For both the three-month and six-month period the company also managed to grow its net interest income to $503 million and $993 million respectively.
"JMMB's performance is reflective of the general conditions in the financial markets. Due to the gradual increase in interest rates and the migration of liquidity to safer asset classes they have been able to grow their net interest income by 44 per cent which is good, but comparable to what we have seen done by other investment companies in Jamaica," said Jason Dear, equity trading manager at First Global Financial Services Ltd.
While the growth in net interest income resulted in an upward movement for the company's operating revenue, for the first half of the financial year, at $1.5 billion, the quarter was down by 12 per cent.
Hikes in administrative expenses had a dampening effect on operating profit, which reflected significant decline for both the quarter and six-month results.
Within the quarter administrative expense moved to $618 million at the end of September compared to $521.8 million generated for the similar period in 2007, bringing operating profit to $50 million.
"For quarter over quarter for the period ended September 2008, versus, 2007, operating profit is down 79 per cent," remarked Croskery.
gains declined
The six-month figures showed operating profits moving from $443 million to $288 million, a decline of 35 per cent, resulting from a decrease of 24 per cent in administrative expense.
JMMB attributed the increases in administrative expense to planned increase in staff costs as well as inflationary pressures.
Declines were also reflected in gains on securities trading as well as fees and commission income, which according to analyst is in line with the current market conditions.
"Like many of the other financial companies, it has become harder and harder for JMMB to make any significant gains on trading or fees/commissions earned due to the softness in the global equities markets," said Dear.
Notwithstanding the write-down of $1.9 billion, JMMB maintained that it is well capitalised, given 'capital to total assets' ratio of 7.4 per cent compared to the regulatory benchmark of 6.0 per cent.
Its capital to risk weighted assets ratio is at 43.5 per cent whereas the FSC benchmark stipulates a minimum of 14 per cent.
JMMB's capital base now stands at $5.6 billion and, according to one analyst, the stock is again seen as a long-term buy.
"Trading with a PE of under 10, now having more cash on their books, and the potential for them to move into other markets outside of Jamaica, and into varying business/product lines, JMMB could be a stock to watch and possibly a good long-term buy," said Dear.
But with the stock last traded at $8.30 at the close of trade on Wednesday at least one analyst's preference for the stock is negative.
"Utilising trailing price multiples, we think JMMB at 8.30/share is expensive, and continue to prefer the local banks, Scotia and NCBJ from a valuation standpoint and business model standpoint in regards to loan interest income and fee income," Croskery said then.

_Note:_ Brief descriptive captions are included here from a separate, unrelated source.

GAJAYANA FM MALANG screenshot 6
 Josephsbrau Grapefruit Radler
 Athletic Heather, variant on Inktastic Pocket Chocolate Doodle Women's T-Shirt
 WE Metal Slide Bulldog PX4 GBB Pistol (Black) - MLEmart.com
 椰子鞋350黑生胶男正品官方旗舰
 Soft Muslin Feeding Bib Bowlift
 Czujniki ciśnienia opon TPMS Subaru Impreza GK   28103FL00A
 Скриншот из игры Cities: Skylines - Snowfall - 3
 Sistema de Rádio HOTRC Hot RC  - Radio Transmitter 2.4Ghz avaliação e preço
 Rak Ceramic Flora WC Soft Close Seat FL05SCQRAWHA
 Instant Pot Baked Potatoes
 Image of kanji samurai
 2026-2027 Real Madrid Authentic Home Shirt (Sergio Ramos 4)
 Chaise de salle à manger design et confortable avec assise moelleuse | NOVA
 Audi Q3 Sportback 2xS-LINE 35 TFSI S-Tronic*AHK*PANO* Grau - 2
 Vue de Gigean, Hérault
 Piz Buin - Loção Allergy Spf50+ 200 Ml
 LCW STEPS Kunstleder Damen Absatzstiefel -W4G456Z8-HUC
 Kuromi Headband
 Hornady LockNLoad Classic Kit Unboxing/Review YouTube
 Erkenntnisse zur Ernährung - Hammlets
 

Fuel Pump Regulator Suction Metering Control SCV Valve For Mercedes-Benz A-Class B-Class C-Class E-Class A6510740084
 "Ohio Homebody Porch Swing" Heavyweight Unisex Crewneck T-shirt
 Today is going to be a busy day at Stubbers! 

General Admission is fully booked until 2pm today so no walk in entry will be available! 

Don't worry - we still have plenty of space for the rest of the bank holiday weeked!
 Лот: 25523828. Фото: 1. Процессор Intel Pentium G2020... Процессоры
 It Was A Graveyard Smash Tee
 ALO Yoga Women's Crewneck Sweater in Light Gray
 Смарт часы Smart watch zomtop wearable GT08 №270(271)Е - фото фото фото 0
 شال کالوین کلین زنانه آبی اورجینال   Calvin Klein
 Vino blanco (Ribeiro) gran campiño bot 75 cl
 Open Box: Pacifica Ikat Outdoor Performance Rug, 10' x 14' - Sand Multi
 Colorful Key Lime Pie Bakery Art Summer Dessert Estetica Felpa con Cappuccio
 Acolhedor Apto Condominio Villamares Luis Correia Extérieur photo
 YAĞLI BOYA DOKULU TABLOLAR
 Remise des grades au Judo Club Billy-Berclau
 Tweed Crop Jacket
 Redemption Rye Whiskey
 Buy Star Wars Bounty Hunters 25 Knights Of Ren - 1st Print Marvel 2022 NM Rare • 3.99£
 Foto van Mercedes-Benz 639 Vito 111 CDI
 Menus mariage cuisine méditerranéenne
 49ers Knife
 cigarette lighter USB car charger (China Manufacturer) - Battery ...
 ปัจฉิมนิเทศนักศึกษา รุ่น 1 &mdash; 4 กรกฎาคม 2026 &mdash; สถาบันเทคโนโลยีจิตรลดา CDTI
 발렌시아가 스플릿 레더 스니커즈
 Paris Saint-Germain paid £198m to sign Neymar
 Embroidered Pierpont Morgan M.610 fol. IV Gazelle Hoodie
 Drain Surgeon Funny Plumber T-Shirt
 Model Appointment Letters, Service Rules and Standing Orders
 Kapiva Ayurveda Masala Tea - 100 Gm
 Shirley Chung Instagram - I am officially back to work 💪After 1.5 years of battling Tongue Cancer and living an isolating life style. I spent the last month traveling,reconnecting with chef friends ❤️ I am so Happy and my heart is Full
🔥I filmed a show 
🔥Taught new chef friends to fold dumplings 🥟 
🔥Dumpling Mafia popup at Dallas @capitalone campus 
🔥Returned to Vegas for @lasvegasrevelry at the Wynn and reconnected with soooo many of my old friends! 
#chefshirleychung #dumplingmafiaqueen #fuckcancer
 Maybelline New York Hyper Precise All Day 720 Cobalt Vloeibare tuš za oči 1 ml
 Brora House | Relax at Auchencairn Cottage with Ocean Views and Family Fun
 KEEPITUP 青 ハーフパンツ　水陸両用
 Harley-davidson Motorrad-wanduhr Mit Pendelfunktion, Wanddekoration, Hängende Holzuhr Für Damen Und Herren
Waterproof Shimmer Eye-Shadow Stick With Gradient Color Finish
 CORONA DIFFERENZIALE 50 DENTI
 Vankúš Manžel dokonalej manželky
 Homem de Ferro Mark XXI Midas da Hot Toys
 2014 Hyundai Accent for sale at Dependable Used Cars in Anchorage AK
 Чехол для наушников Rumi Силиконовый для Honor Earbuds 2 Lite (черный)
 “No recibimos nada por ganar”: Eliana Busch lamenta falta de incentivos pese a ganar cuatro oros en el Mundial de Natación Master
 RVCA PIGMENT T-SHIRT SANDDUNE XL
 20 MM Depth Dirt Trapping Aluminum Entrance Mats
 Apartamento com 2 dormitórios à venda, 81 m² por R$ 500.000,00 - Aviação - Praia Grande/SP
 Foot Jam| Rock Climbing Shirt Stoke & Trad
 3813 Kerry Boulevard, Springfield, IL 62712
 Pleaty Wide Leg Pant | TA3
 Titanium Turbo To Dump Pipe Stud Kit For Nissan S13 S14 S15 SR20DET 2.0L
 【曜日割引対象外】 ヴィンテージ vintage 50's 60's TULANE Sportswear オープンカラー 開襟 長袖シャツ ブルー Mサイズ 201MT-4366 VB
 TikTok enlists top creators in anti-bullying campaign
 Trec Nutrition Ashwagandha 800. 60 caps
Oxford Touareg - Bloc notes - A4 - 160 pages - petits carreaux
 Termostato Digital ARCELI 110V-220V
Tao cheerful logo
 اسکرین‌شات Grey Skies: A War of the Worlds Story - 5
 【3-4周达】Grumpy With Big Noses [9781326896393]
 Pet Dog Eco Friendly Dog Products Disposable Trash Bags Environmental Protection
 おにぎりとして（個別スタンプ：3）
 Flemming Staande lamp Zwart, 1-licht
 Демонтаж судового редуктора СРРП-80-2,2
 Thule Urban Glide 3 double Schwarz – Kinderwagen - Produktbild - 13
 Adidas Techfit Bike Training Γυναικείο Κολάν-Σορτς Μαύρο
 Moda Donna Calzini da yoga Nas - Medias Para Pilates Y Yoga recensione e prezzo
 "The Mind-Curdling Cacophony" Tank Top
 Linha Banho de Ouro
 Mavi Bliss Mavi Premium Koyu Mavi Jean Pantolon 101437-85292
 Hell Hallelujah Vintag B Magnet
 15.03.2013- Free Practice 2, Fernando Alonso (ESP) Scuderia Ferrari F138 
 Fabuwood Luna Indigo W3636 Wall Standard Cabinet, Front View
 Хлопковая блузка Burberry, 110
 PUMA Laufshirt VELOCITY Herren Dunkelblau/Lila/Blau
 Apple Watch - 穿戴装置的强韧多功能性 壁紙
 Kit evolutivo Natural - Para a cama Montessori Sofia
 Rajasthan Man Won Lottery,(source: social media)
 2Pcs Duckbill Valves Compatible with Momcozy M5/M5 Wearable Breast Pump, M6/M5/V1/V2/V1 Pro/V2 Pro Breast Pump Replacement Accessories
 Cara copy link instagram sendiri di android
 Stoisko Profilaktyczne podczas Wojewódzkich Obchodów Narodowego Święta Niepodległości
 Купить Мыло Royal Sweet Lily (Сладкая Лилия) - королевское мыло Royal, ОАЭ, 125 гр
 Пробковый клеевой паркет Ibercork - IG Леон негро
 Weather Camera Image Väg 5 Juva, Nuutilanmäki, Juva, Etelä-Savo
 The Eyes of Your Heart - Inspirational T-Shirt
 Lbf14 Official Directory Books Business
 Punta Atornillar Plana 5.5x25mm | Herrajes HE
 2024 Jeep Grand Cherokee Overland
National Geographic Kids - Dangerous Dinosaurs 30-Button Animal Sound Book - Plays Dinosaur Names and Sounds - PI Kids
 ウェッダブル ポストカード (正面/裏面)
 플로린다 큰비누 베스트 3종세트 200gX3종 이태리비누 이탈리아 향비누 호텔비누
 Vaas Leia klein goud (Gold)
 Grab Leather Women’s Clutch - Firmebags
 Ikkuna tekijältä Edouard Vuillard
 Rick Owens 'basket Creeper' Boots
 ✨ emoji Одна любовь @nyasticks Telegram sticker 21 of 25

four strategic imperatives
JMMB has laid its foundation for the next 15 years in four strategic imperatives that will drive sustainable growth for the group: growing its asset management and brokering business, particularly investment and pension fund management; consumer, commercial and corporate financing; and greenfield expansion.
The company already has holdings in the Dominican Republic through JMMB BDI America, with planned expansions further into Central America.
Already involved in commercial banking in Trinidad, JMMB plans to extend that side of its operation into Jamaica, though not through the same vehicle, and is awaiting central bank approval on its application.
Associated companies contributed approximately $332 million and $182 million respectively to the Group's profit for the six-month and three-month reporting periods.